General elections were held in Oregon on November 2, 2010. Primary elections took place on May 18, 2010.

==Federal==
===United States Senate===

Democratic incumbent Ron Wyden ran for re-election. His Republican opponent was Jim Huffman.

===United States House of Representatives===

All five of Oregon's seats in the United States House of Representatives were up for re-election in 2010. All five incumbents ran for re-election, including Democrat David Wu in District 1, Republican Greg Walden in District 2, Democrat Earl Blumenauer in District 3, Democrat Peter DeFazio in District 4, and Democrat Kurt Schrader in District 5.

==State==
===Governor===

Incumbent Governor Ted Kulongoski was term-limited. Former two-term governor John Kitzhaber, a Democrat, narrowly defeated the Republican nominee, former NBA player Chris Dudley.

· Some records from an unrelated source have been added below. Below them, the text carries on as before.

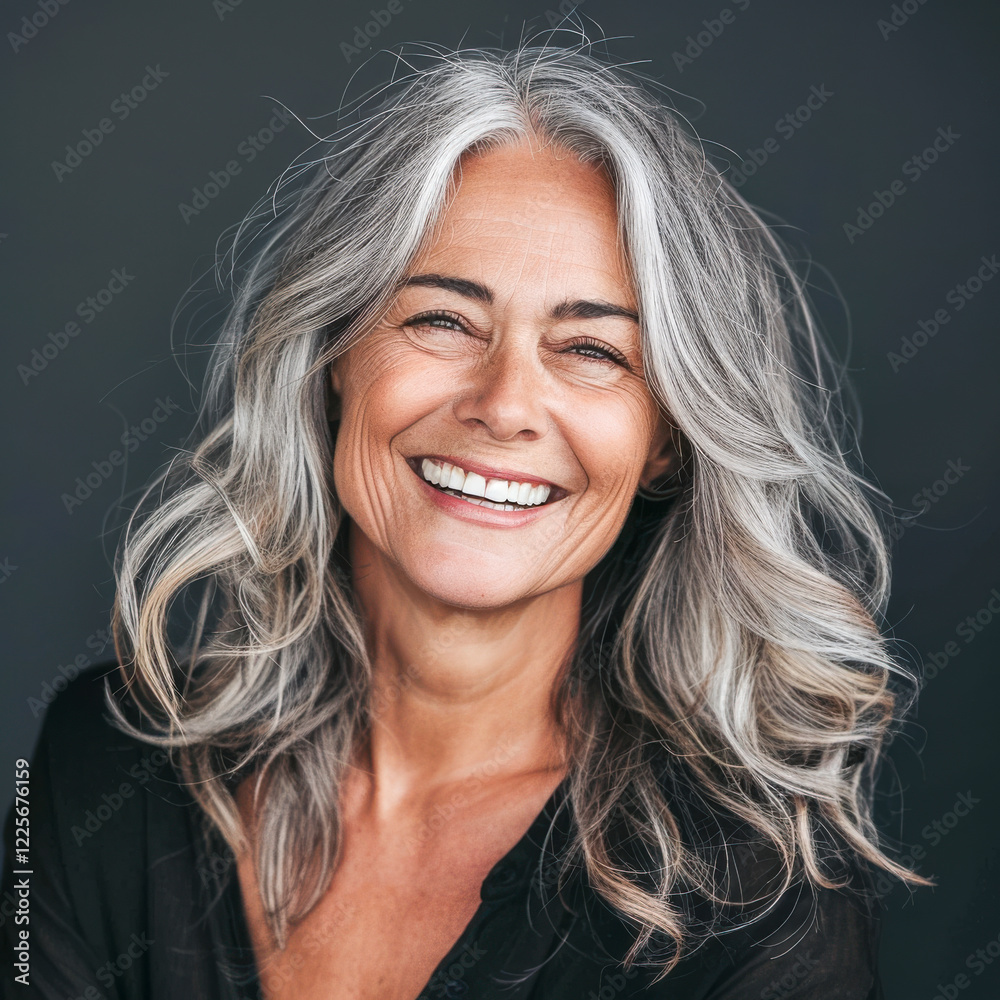 Hübsche erfolgreiche grauhaarige Frau in den 50ern, Generative AI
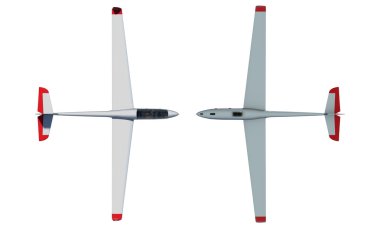 Twin seater glider render set clipart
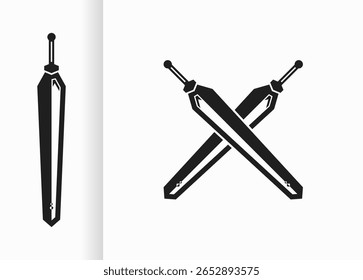 Diseño de Vector con espadas y espadas cruzadas negras. Bosquejo de espada negra sobre fondo blanco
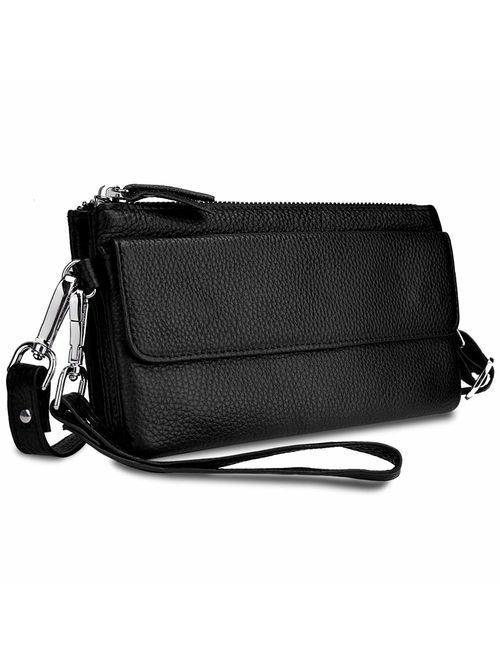 YALUXE Women's Leather Clutch Smartphone Wristlet Crossbody with RFID Blocking Card Slots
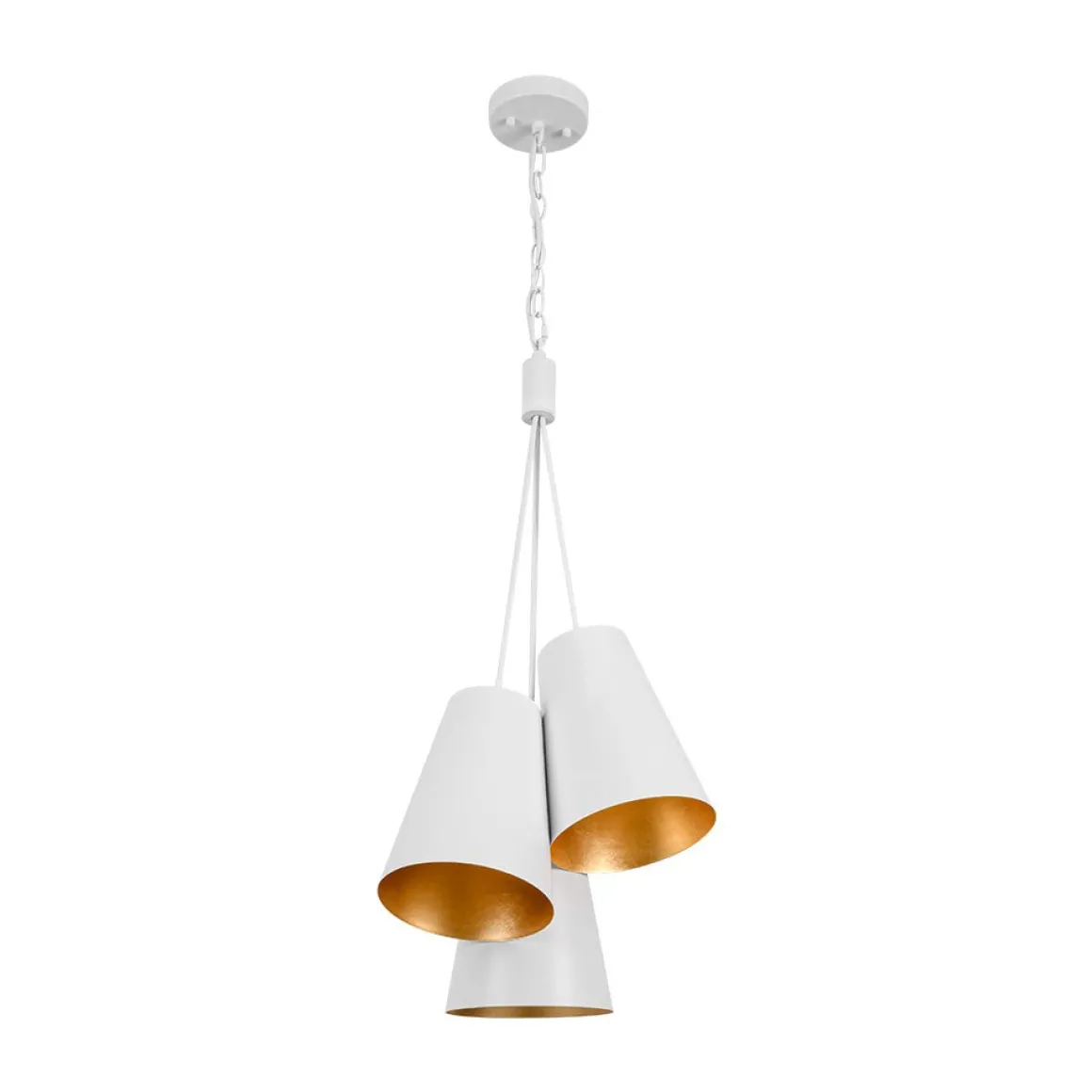 Modern 3-Light Cluster Metal Conical Shade Chandelier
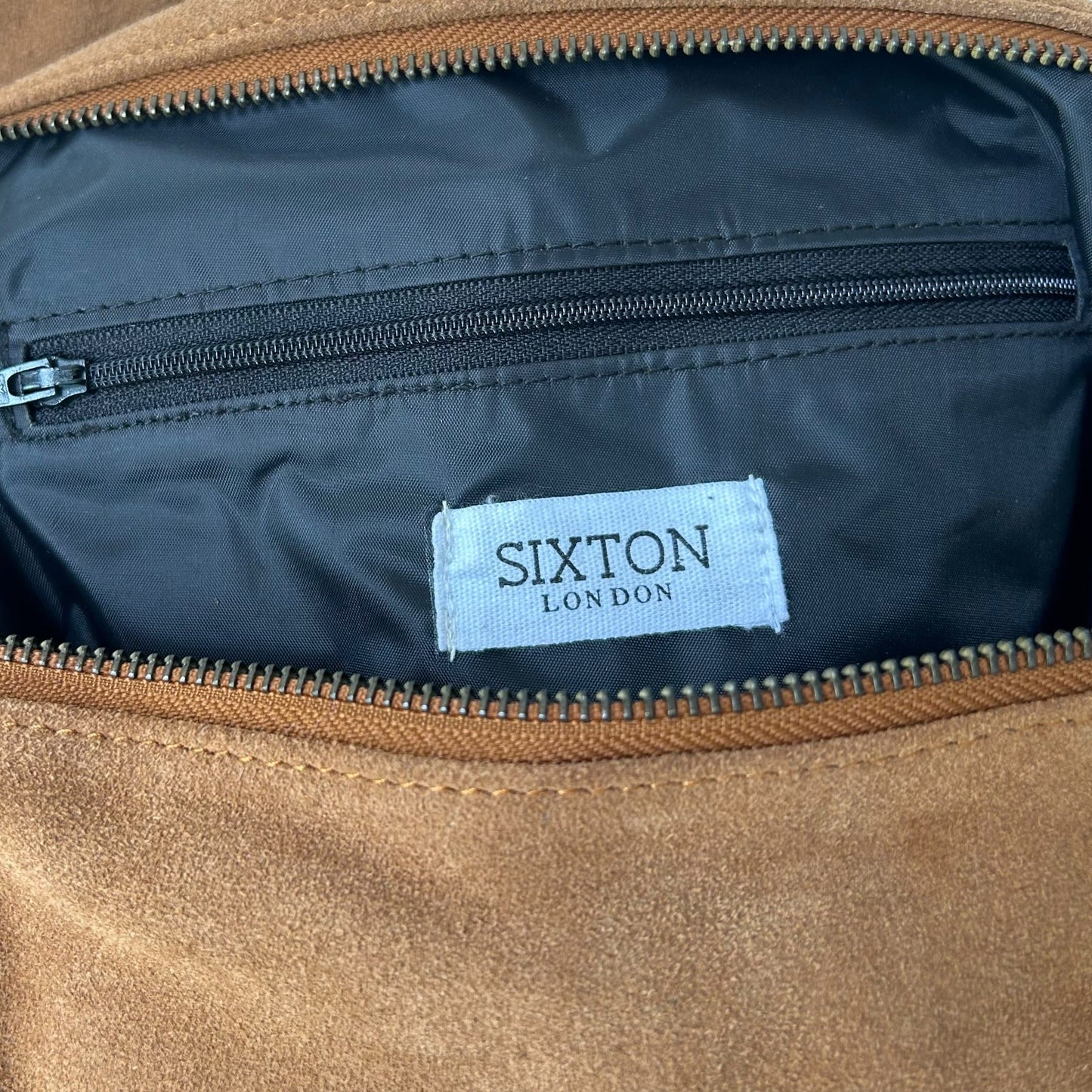 Brixton cross body sling bag - tan suede - small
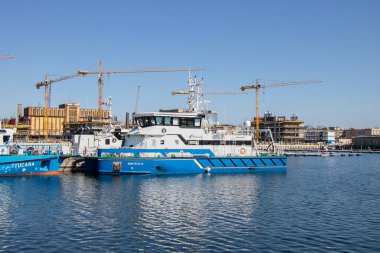 21 Nisan 2019 Gdynia Limanı Polonya. Yat manzaralı Gdynia limanı..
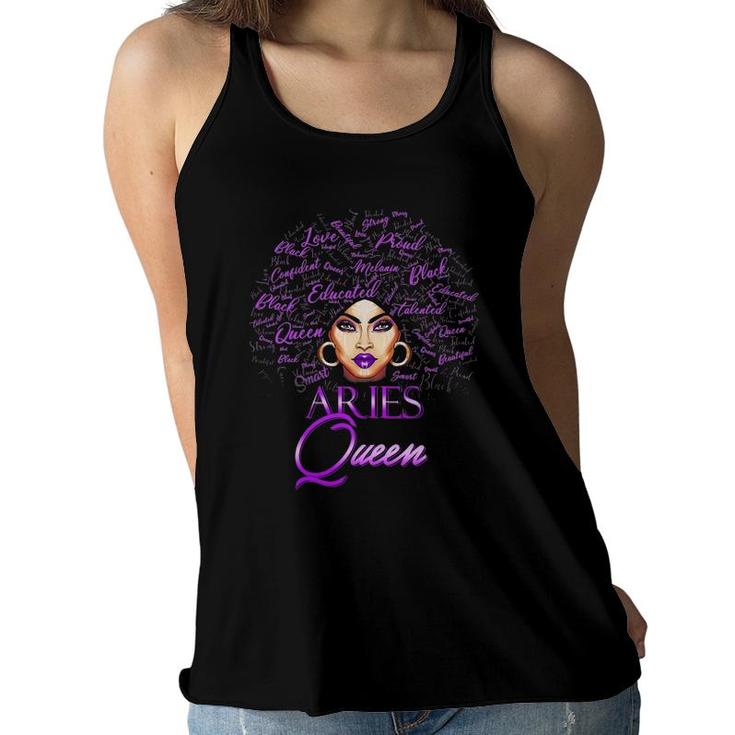 Womens Aries Girl Womens Purple Afro Queen Black Zodiac Birthday Women Flowy Tank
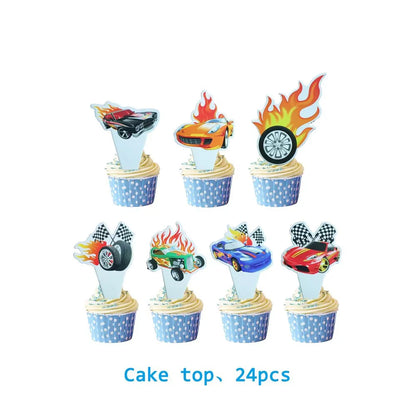 Hot Wheels Birthday Party Set - Racing Car Tableware Decor  Supplies - ZOOMNSTORE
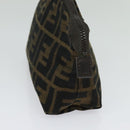 FENDI Zucca Canvas Pouch Black Brown Silver Auth ar13615-4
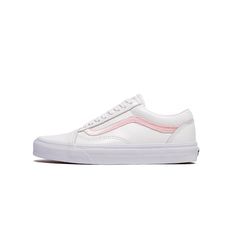 White / Pink Shoes Leather and textile upper Supportive padded collars Signature rubber waffle outsoles SKU: VN0A38G19XL... Spring Sporty Flat Skate Shoes, Spring Skate Shoes With Contrast Sole And Round Toe, Synthetic Low-top Skate Shoes For Spring, Spring Low-top Synthetic Skate Shoes, Spring Synthetic Low-top Skate Shoes, Spring Skate Shoes With Round Toe For Sports, Spring Synthetic Skate Shoes With Rubber Sole, Spring Lace-up Skate Shoes With Cushioned Footbed, Synthetic Canvas Shoes For Sports In Spring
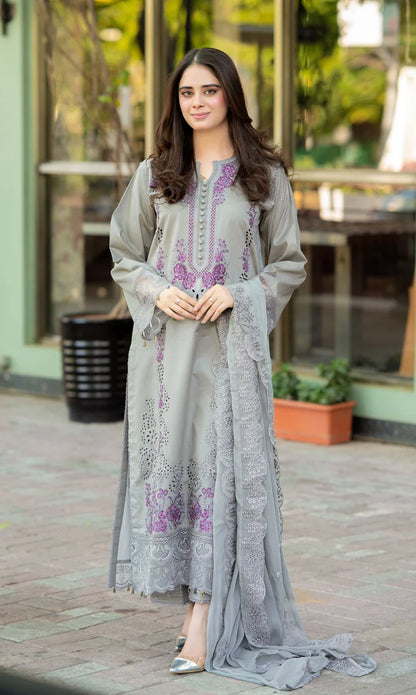 DHANAK 3PC CHICKENKARI EMBROIDERED DRESS BA-3086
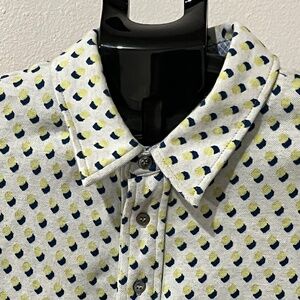 Mr Turk Yellow Blue White Thick Cotton Knit Polo Shirt | Size LARGE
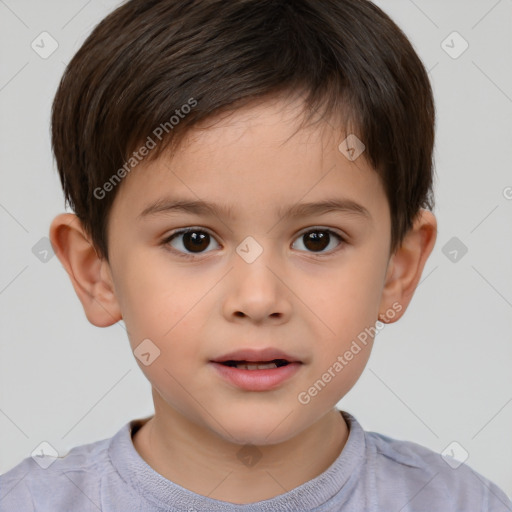 Neutral white child male with short  brown hair and brown eyes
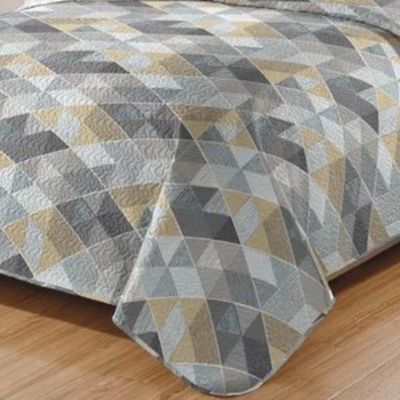 Kit Cobre Leito Colcha Daily Queen 3 Peças Dupla Face Estampado - Modelo 66 - 100% Poliéster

===Superintendent of Public Instruction===

Results by county

In May, incumbent Susan Castillo faced State Representative Ron Maurer for Superintendent of Public Instruction, a nonpartisan office. She received just over 50% of the vote, meaning that she was re-elected rather than facing a runoff in November.

====Results====

Superintendent of Public Instruction election, May 18, 2010
| Party |  | Candidate | Votes | % |
|---|---|---|---|---|
|  | Nonpartisan | Susan Castillo | 349,055 | 50.04 |
|  | Nonpartisan | Ron Maurer | 346,199 | 49.63 |
|  | Nonpartisan | Write-in | 2,243 | 0.32 |
| Total votes |  |  | 697,497 |  |

===Treasurer===

The 2010 elections in Oregon also included a special election for Treasurer to complete the term of Ben Westlund, who was elected in 2008 but died in office. Interim Treasurer Ted Wheeler defeated State Senator Rick Metsger in the Democratic primary, and then defeated Republican State Senator Chris Telfer, who was unopposed in the Republican primary, in November.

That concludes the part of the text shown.